Wanderer über dem Nebelmeer
1817/1818
Hamburger Kunsthalle, Dauerleihgabe der Stiftung Hamburger Kunstsammlungen, erworben 1970
Der Wanderer über dem Nebelmeer von 1818 gilt heute als Inbegriff der Romantik. Friedrich selbst war auch ein begeisterter Wanderer und häufig in der Umgebung von Dresden oder im Riesengebirge unterwegs. Auch plante er mehrfach in die Schweiz zu reisen, wo er sicherlich auch einige Gipfel erklommen hätte.
Wie viele Werke von Friedrich ist auch der Wanderer von verschiedensten Menschen immer wieder neu interpretiert worden. Nicht wenige verweisen dabei auf eine allegorische Bedeutung, die dem Motiv eines Menschen auf einem Berggipfel innewohnen kann: Ein Ziel, ein Gipfel wurde erreicht und der Blick richtet sich auf das Davorliegende. Gegensatzpaare wie Begrenzung und Weite, Höhe und Abgrund, Diesseits und Jenseits, Leben und Tod, aber auch Mensch und Natur mögen anklingen, wobei Friedrich wohl von Mensch und Schöpfung gesprochen hätte.
Die Kleidung des Wanderers hingegen lässt sich auch ganz weltlich lesen. Wie viele seiner Figuren trägt sie die sogenannte altdeutsche Tracht, die damals aus politischen Gründen verboten war.
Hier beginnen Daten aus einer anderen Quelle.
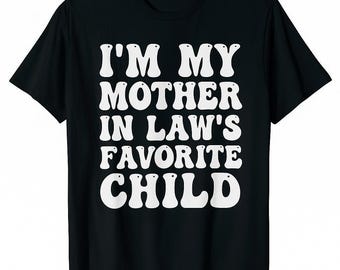 Im My Mother In Laws Favorite Child T Shirt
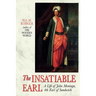 The Insatiable Earl: A Life of John Montagu, 4th Earl of Sandwich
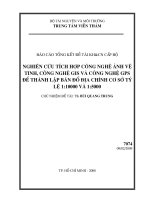 Nghiên cứu tích hợp công nghệ ảnh vệ tình, công nghệ GIS và công nghệ GPS để thành lập bản đồ địa chính cơ sở tỷ lệ 1 10000 và 1 5000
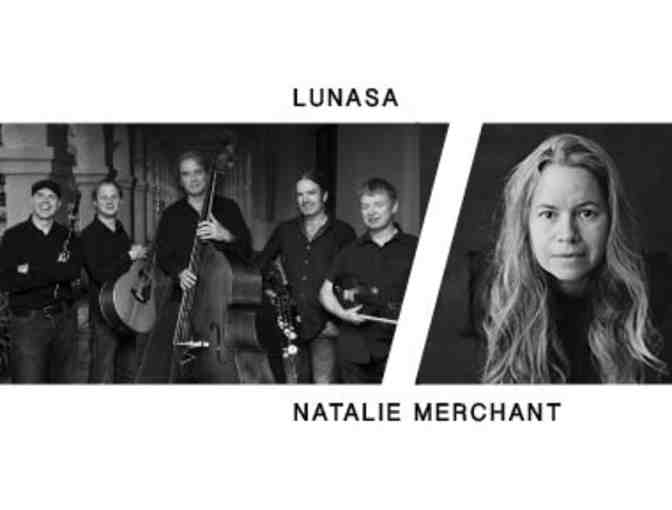 Tickets to Lunasa with Natalie Merchant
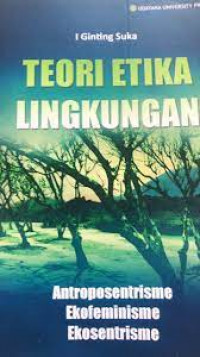 TEORI ETIKA LINGKUNGAN : Antroposentrisme Ekofeminisme Ekosentrisme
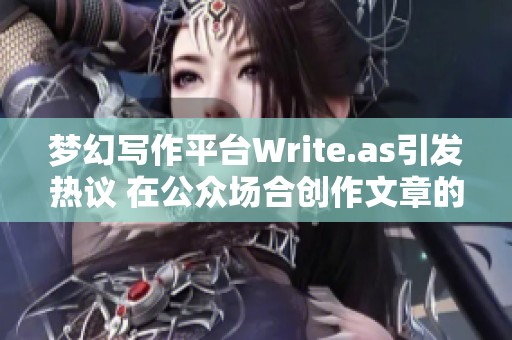 梦幻写作平台Write.as引发热议 在公众场合创作文章的新趋势 梦幻写作平台Write.as引发热议 在公众场合创作文章的新趋势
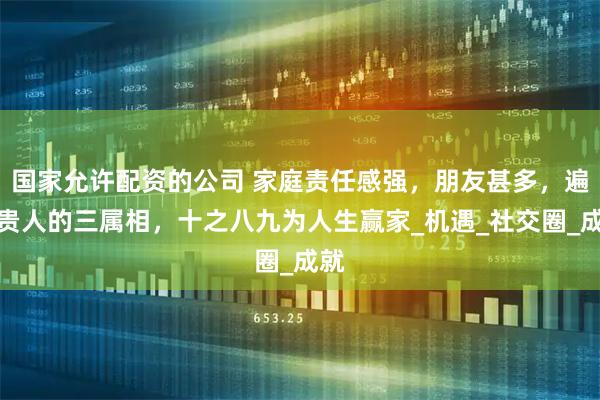 国家允许配资的公司 家庭责任感强，朋友甚多，遍地贵人的三属相，十之八九为人生赢家_机遇_社交圈_成就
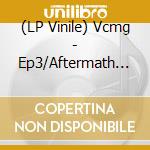 (LP Vinile) Vcmg - Ep3/Aftermath (10) vinile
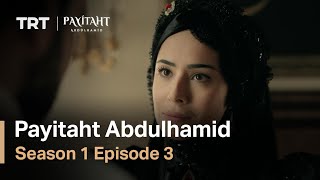 Payitaht Abdulhamid  Season 1 Episode 55 English Subtitles [upl. by Hernardo666]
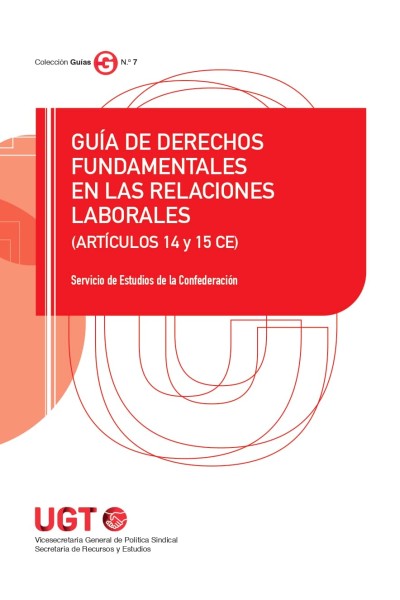 GUIA DERECHOS FUNDAMENTALES RELACIONES LABORALES/UGT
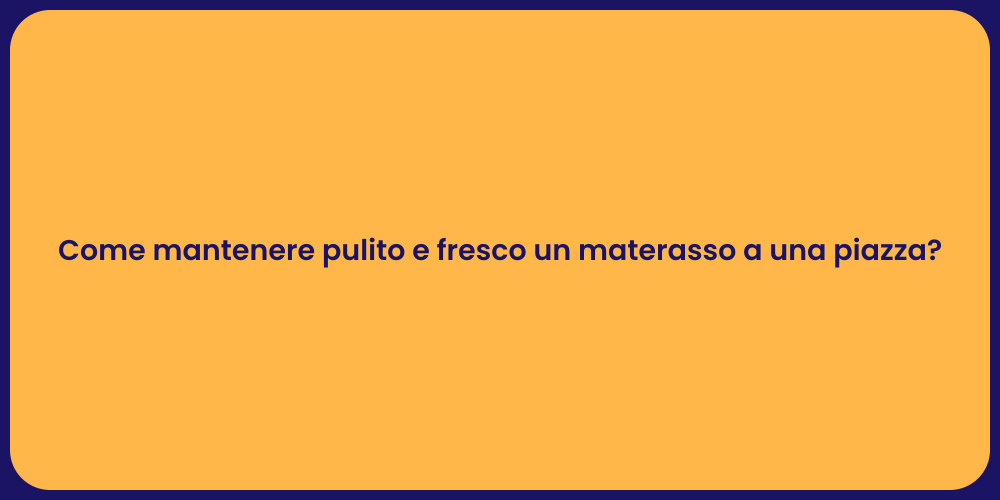 Come mantenere pulito e fresco un materasso a una piazza?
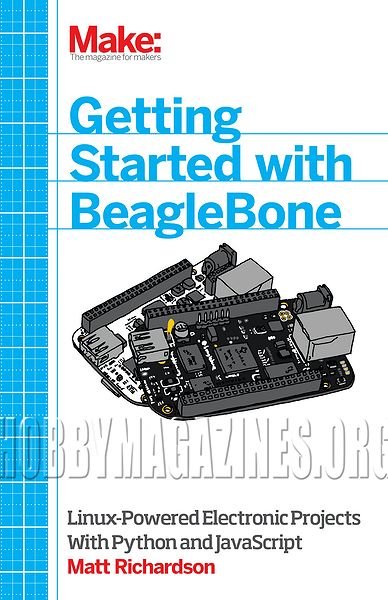 MAKE:Getting Started with BeagleBone: Linux-Powered Electronic Projects With Python and javascript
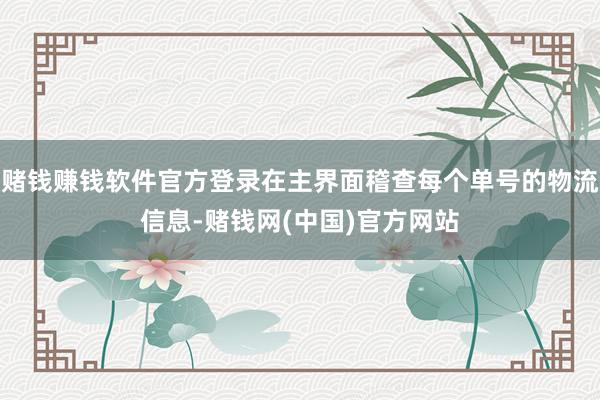 赌钱赚钱软件官方登录在主界面稽查每个单号的物流信息-赌钱网(中国)官方网站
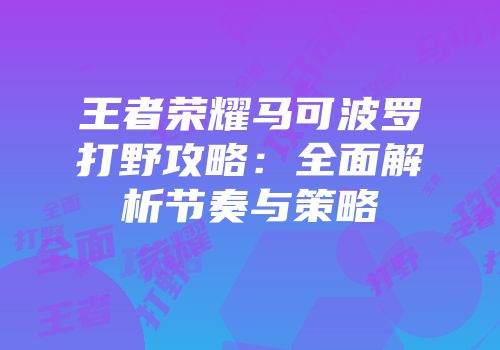 王者荣耀马可波罗打野攻略：全面解析节奏与策略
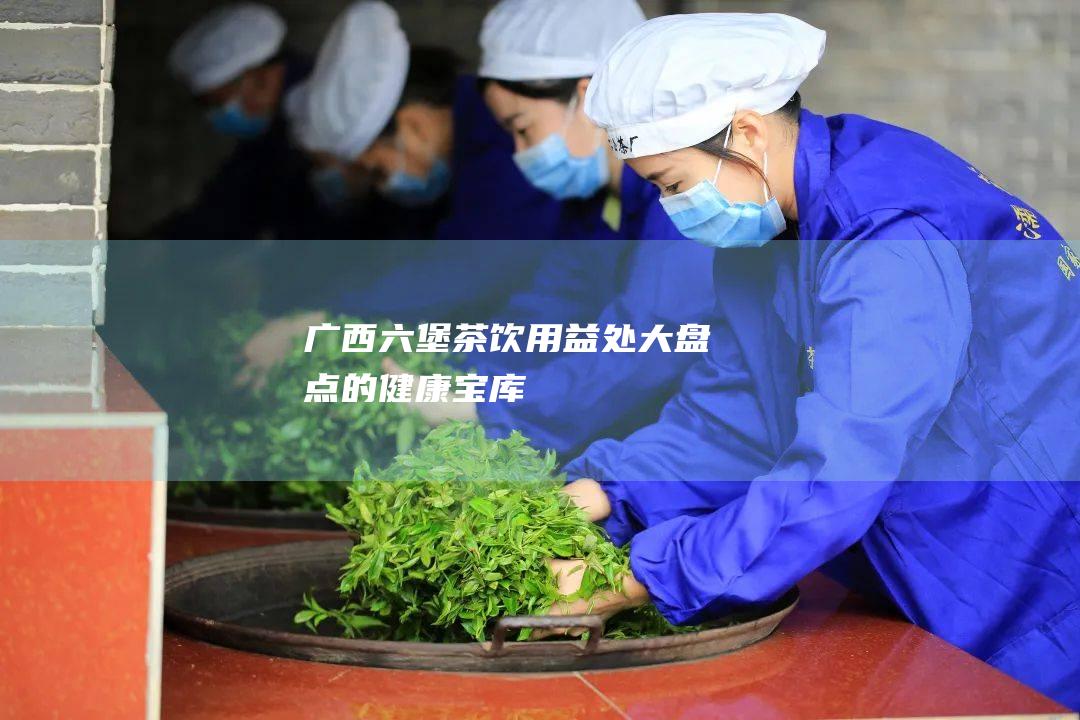 广西六堡茶：饮用益处大盘点的健康宝库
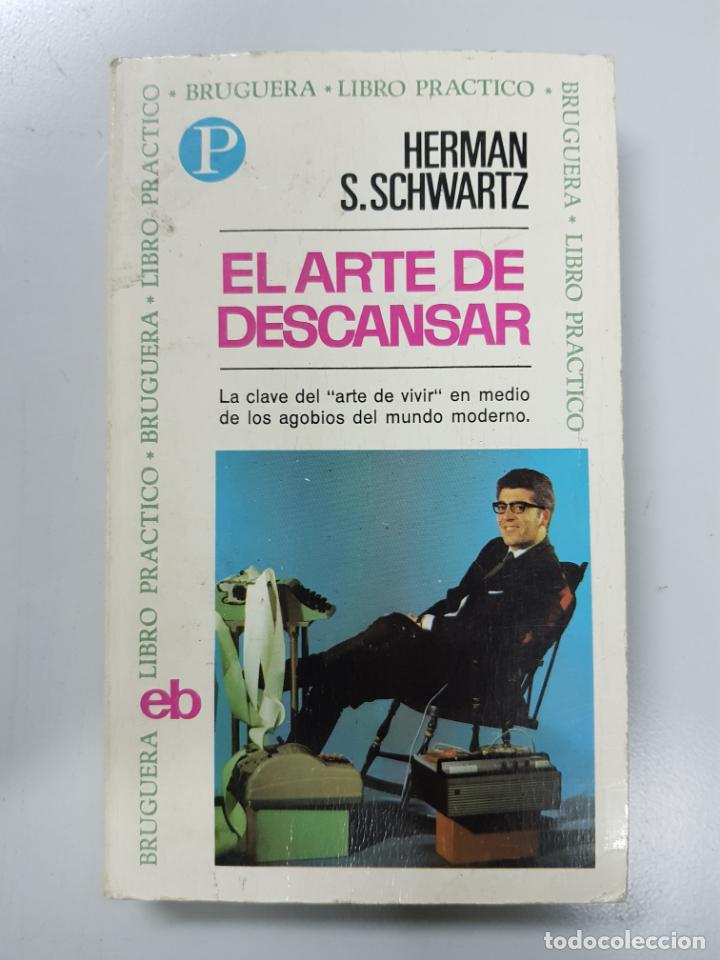 Libros: El arte de descansar  / Herman S. Schwartz - Foto 1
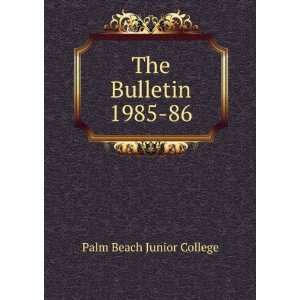  The Bulletin. 1985 86 Palm Beach Junior College Books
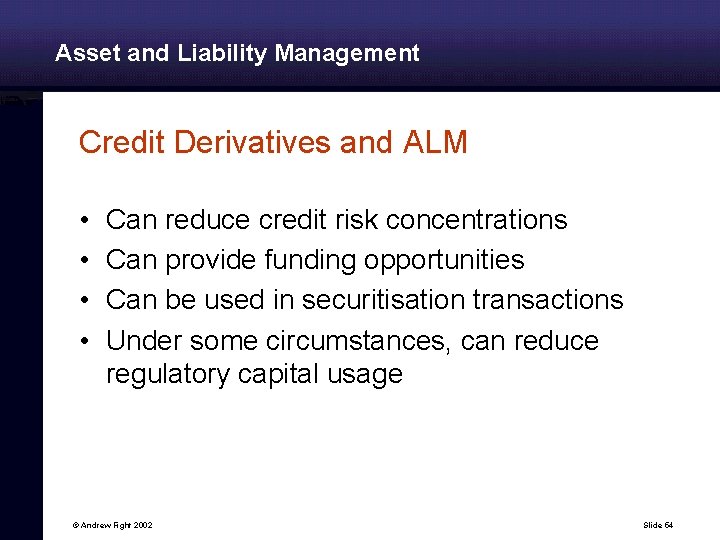 Asset and Liability Management Credit Derivatives and ALM • • Can reduce credit risk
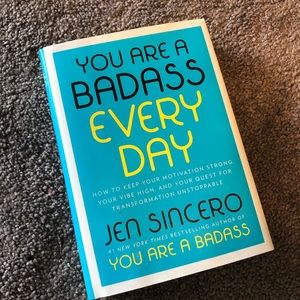You Are A Badass Every Day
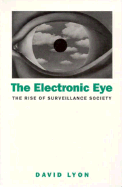Electronic Eye: The Rise of Surveillance Society
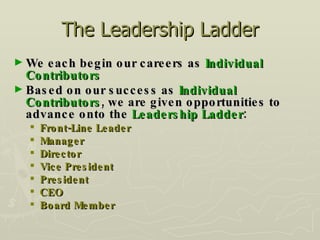 The Leadership Ladder We each begin our careers as  Individual Contributors Based on our success as  Individual Contributors , we are given opportunities to advance onto the  Leadership Ladder : Front-Line Leader Manager Director Vice President President CEO Board Member 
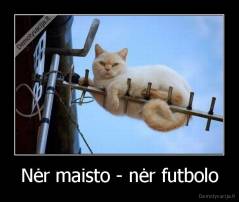 Nėr maisto - nėr futbolo - 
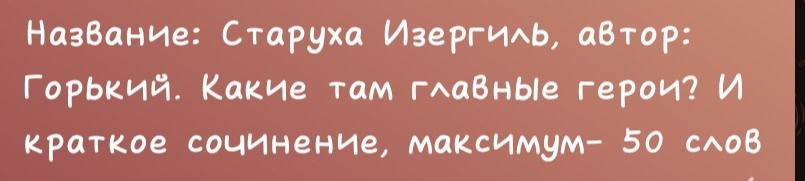 Фото задания: Название: «Старуха Изергиль», автор: Горький. Какие там главные герои? И краткое сочинение, максимум 50 слов.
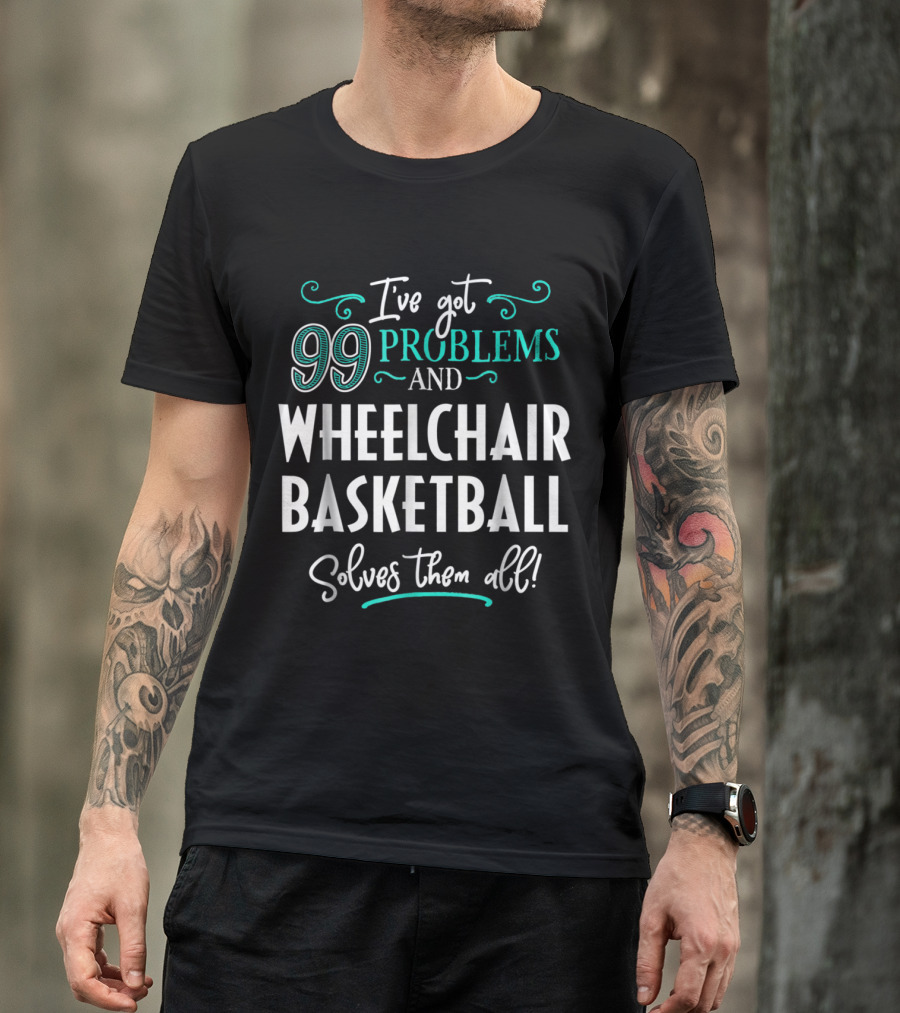 I've Got 99 Problems And Wheelchair Basketball Solves Them All T-Shirt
Sie kann durchaus als politisches Statement gedeutet werden.
Nicht zuletzt ist das Werk das wohl bekannteste Beispiel für die sogenannte Rückenfigur, eine Bildfindung, die Friedrich wie kaum ein anderer Maler eingesetzt hat. Traditionell wird darin eine Einladung an den Betrachter gesehen, sich mit der Figur zu identifizieren. Denn wir sehen nicht ihr Gesicht, es ist kein Individuum, vielmehr sieht sie dasselbe wie wir. Die jüngsten Interpretationsansätze sehe darin jedoch mehr eine Reflexion des Sehens, zu der uns Friedrich einlädt. Bei all diesen vielfältigen Lesarten lässt sich festhalten, dass das Bild die Menschen bis heute fasziniert und jeder darin lesen will, was sich für ihn als richtig anfühlt. Das hätte Friedrich bestimmt gefallen.